Short web captions
== Segment start ==
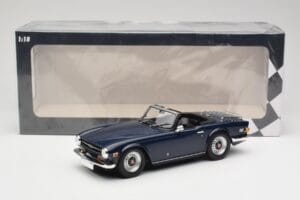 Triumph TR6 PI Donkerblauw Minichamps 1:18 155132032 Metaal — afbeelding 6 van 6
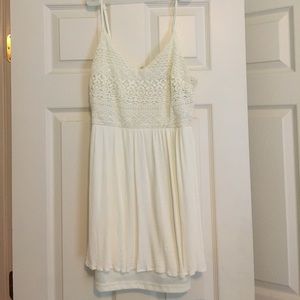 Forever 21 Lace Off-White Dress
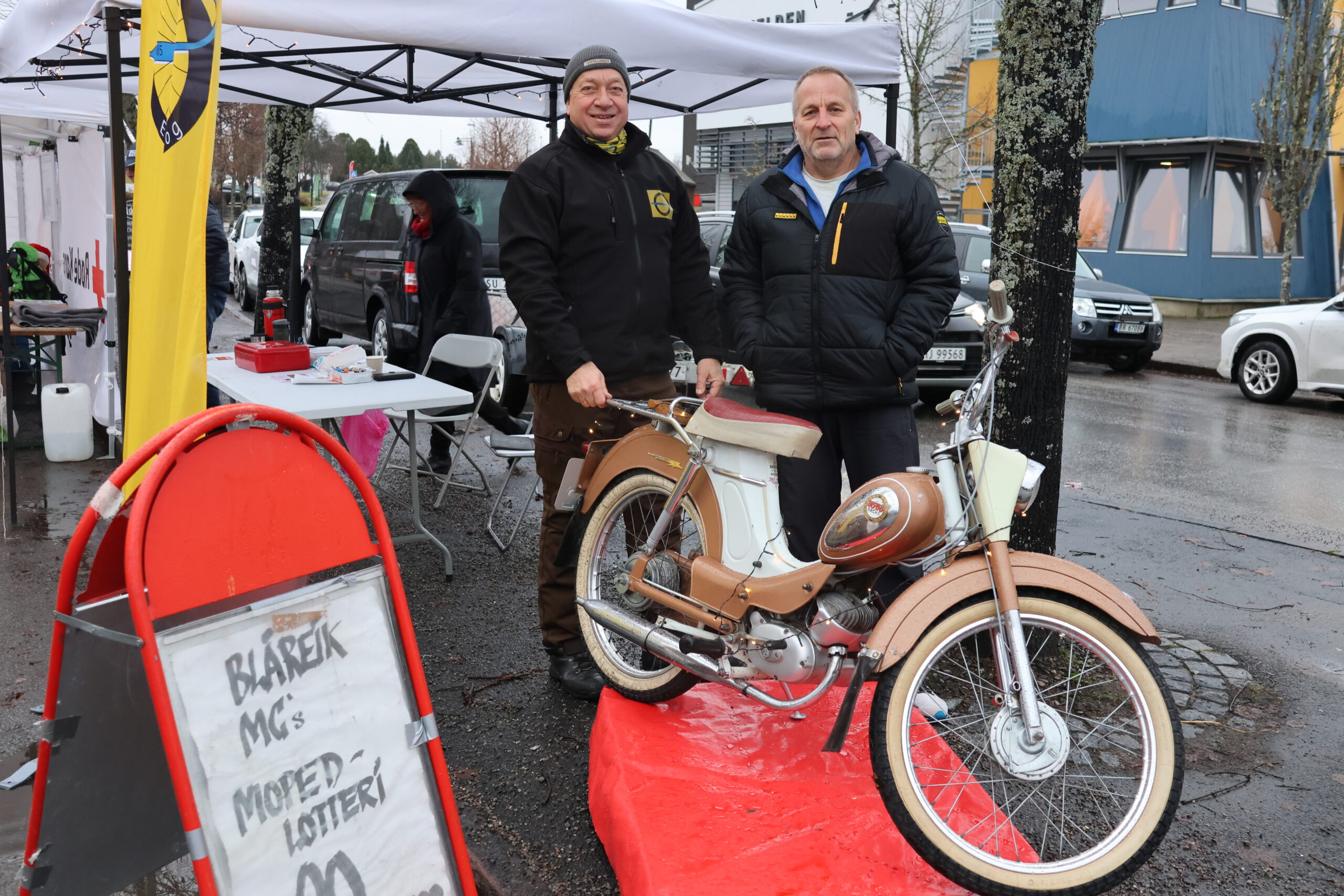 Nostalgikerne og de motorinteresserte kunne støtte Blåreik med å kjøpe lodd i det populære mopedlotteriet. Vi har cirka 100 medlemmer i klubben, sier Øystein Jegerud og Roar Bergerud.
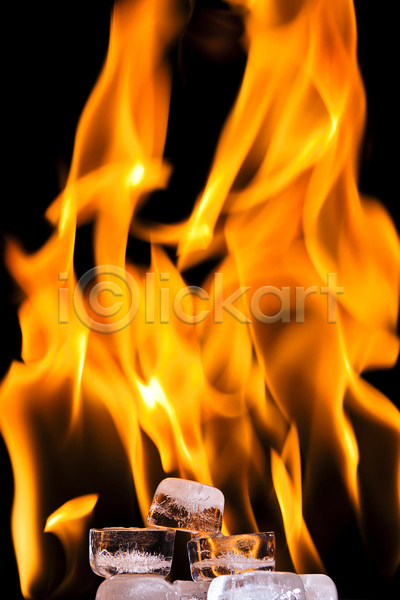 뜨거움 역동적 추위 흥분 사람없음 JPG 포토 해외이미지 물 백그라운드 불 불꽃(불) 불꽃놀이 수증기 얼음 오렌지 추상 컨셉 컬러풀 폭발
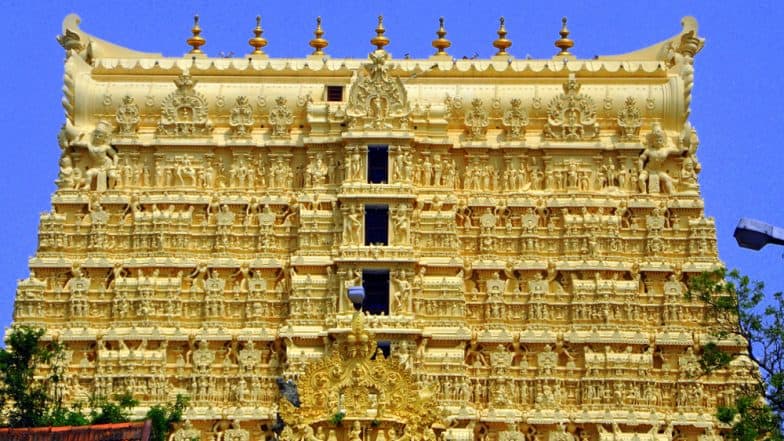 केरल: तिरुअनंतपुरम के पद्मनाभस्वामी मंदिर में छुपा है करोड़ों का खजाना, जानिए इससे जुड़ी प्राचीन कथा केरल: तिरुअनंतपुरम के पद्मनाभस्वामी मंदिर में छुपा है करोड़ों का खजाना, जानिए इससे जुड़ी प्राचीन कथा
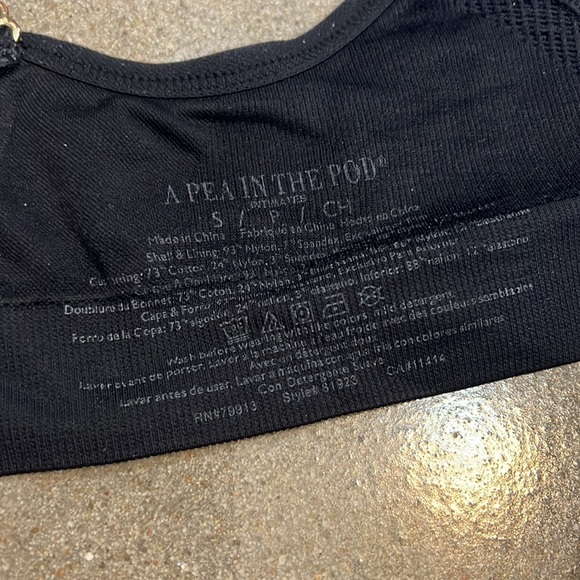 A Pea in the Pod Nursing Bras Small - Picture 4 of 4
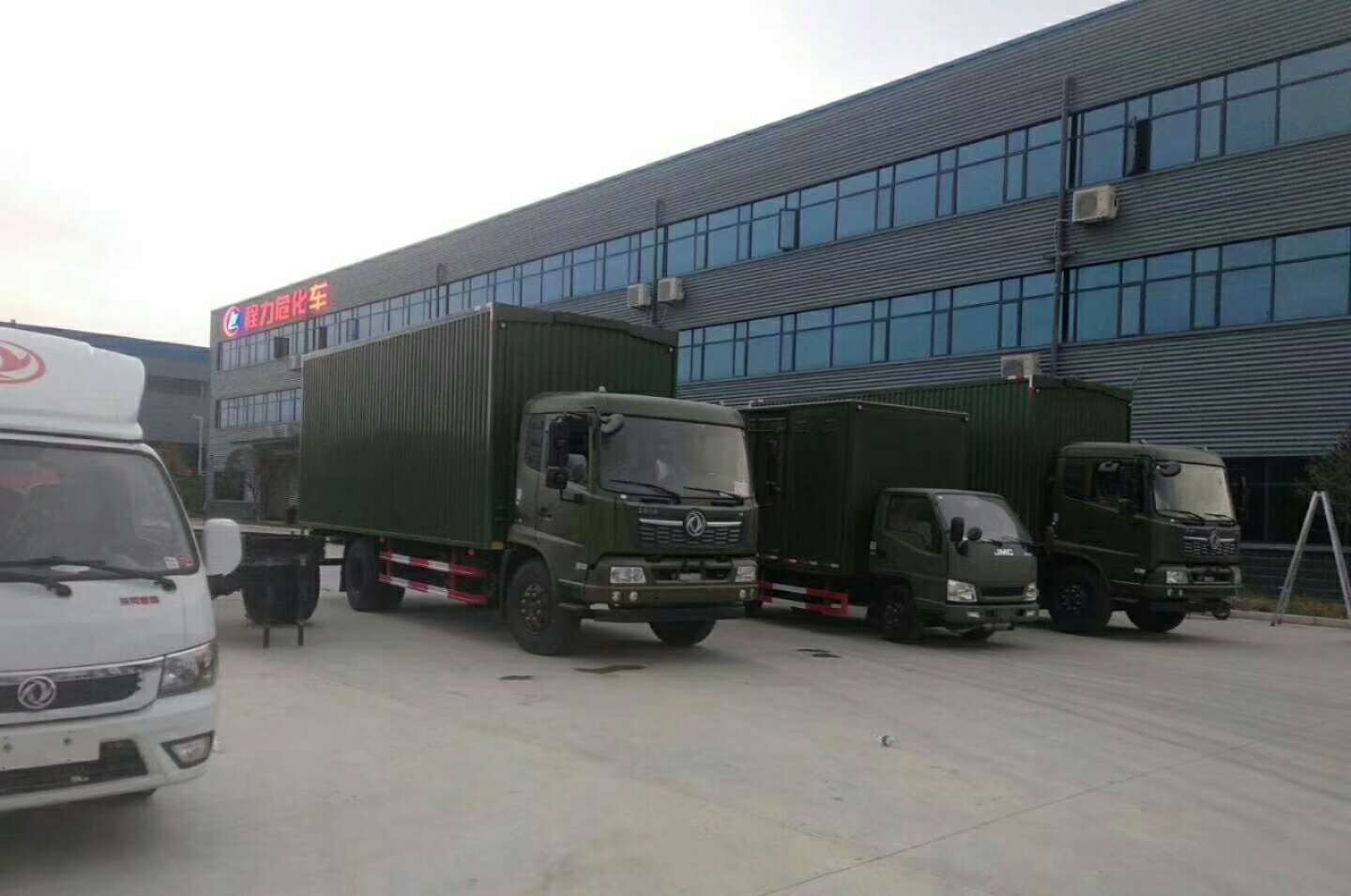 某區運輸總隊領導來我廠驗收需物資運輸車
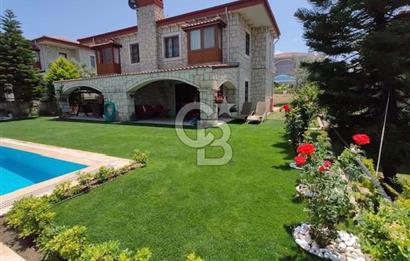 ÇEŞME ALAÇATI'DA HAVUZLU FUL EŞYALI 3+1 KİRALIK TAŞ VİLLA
== Segment end ==
### PROMPT
Skip the pictures. Return exactly the lines from the one containing "Forever 21 Lace Off-White Dress" through the end of the data above, both included, and nothing besides.

### ANSWER SPACE
 Forever 21 Lace Off-White Dress
 Nostalgikerne og de motorinteresserte kunne støtte Blåreik med å kjøpe lodd i det populære mopedlotteriet. Vi har cirka 100 medlemmer i klubben, sier Øystein Jegerud og Roar Bergerud.
 뜨거움 역동적 추위 흥분 사람없음 JPG 포토 해외이미지 물 백그라운드 불 불꽃(불) 불꽃놀이 수증기 얼음 오렌지 추상 컨셉 컬러풀 폭발
 केरल: तिरुअनंतपुरम के पद्मनाभस्वामी मंदिर में छुपा है करोड़ों का खजाना, जानिए इससे जुड़ी प्राचीन कथा केरल: तिरुअनंतपुरम के पद्मनाभस्वामी मंदिर में छुपा है करोड़ों का खजाना, जानिए इससे जुड़ी प्राचीन कथा
 A Pea in the Pod Nursing Bras Small - Picture 4 of 4
 某區運輸總隊領導來我廠驗收需物資運輸車
 ÇEŞME ALAÇATI'DA HAVUZLU FUL EŞYALI 3+1 KİRALIK TAŞ VİLLA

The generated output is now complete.